▶ _Aim of the exercise_
Leave out all pictures and retype exactly the lines from the one with "Ecotron DT-703 Handheld" through the last line of the material.

▶ _Material for the task_
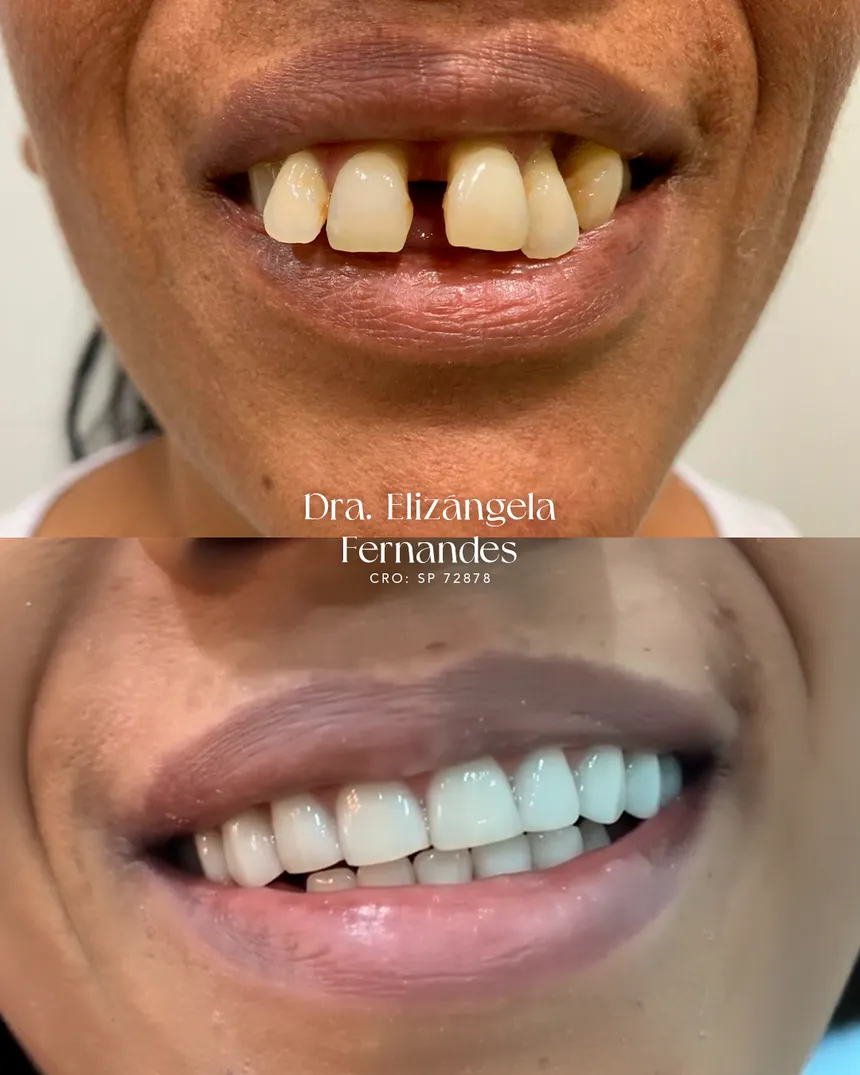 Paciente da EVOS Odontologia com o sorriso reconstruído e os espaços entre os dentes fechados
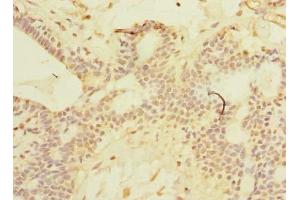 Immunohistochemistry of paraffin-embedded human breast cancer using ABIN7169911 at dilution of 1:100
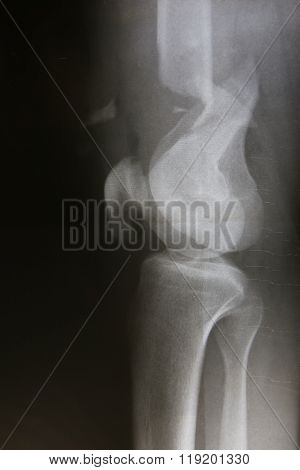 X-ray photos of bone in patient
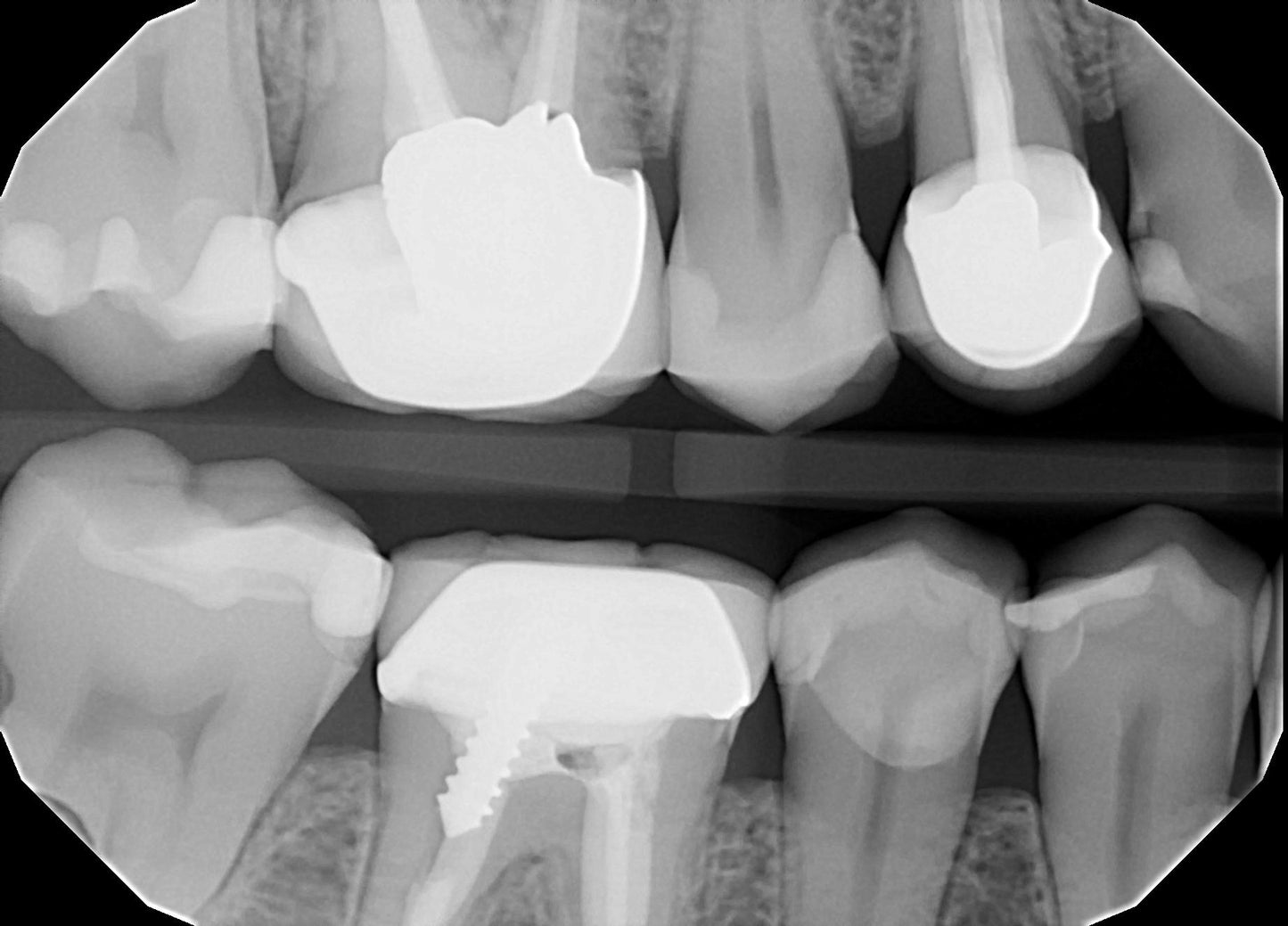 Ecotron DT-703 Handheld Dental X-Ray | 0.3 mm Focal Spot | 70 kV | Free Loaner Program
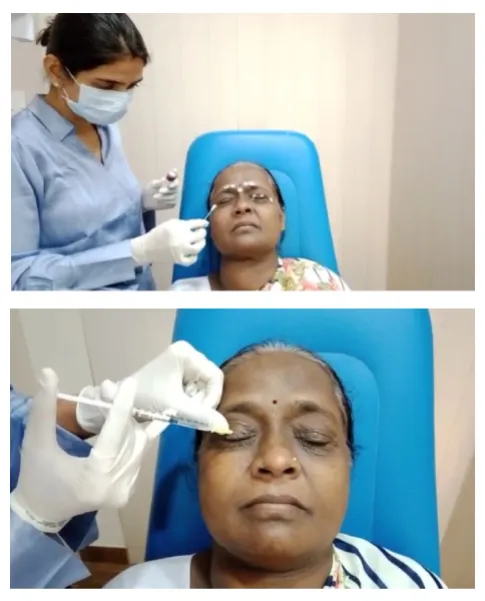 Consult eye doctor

▶ _Solution to this task_
 Ecotron DT-703 Handheld Dental X-Ray | 0.3 mm Focal Spot | 70 kV | Free Loaner Program
 Consult eye doctor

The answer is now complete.